Les auto-écoles ne tiennent pas la route

Vie des entreprises | Zoom | publié le : 01.04.2011 | Stéphanie Cachinero

Drôle de secteur où l’enseignement de la conduite est réglementé mais pas la gestion des boutiques. Les petites combines sont légion, les évolutions de carrière inexistantes. Mais la recherche de solutions progresse peu.
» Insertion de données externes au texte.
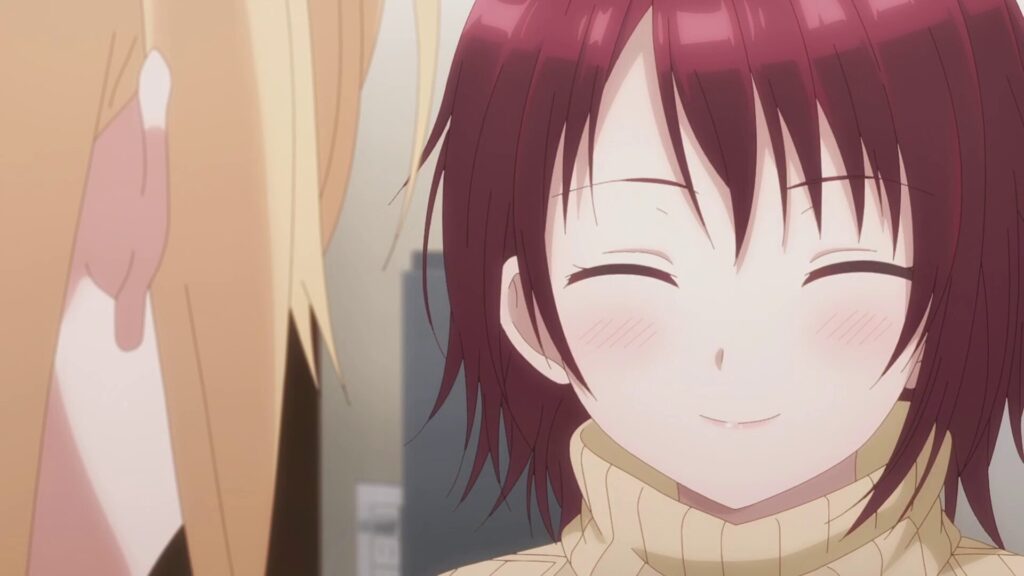 アニメ『お隣の天使様』より、短髪で赤みがかった髪の白河千歳が、目を細めて穏やかに微笑んでいるクローズアップショット。左手前には椎名真昼の髪の一部が写り込んでおり、二人で対話しているシーン。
Des anecdotes souvent savoureuses sur un métier un peu « Club Med ». Le passage par la case auto-école et la fréquentation des moniteurs laisse des souvenirs impérissables à bon nombre d’apprentis conducteurs. Tous les ans, ils sont plus de 1 million à tenter de décrocher leur permis de conduire. En 2009, 60 % d’entre eux sont repartis avec le fameux papier rose en poche. Cette année, Camille, 18 ans, a grossi les rangs des lauréats. Papa sabre le champagne et trinque avec Manu, le moniteur de la jeune lycéenne. Mais, derrière les effusions, Manu cache difficilement son amertume. Ras-le-bol de son patron et des heures payées « au black » en sus de son salaire déclaré. Il a pourtant le choix, avec les 12 400 établissements qui maillent le territoire. Mais il ne se fait plus d’illusions. Dans ce secteur, les abus sont légion et les « petites combines » monnaie courante, comme le fait remarquer Philippe Colombani, président de l’Union nationale des indépendants de la conduite (Unic). Un syndicat d’exploitants qui prend de l’ampleur, fort de ses trois sièges (un de plus, remporté lors des dernières élections professionnelles) au sein du Conseil supérieur de l’éducation routière (CSER) – institution paritaire qui détermine, sous tutelle de l’État, la politique du secteur de l’enseignement de la conduite. Une montée en puissance qui s’explique : plus de 80 % des auto-écoles comptent moins de cinq salariés. Parmi elles, 40 % exercent leur activité en libéral.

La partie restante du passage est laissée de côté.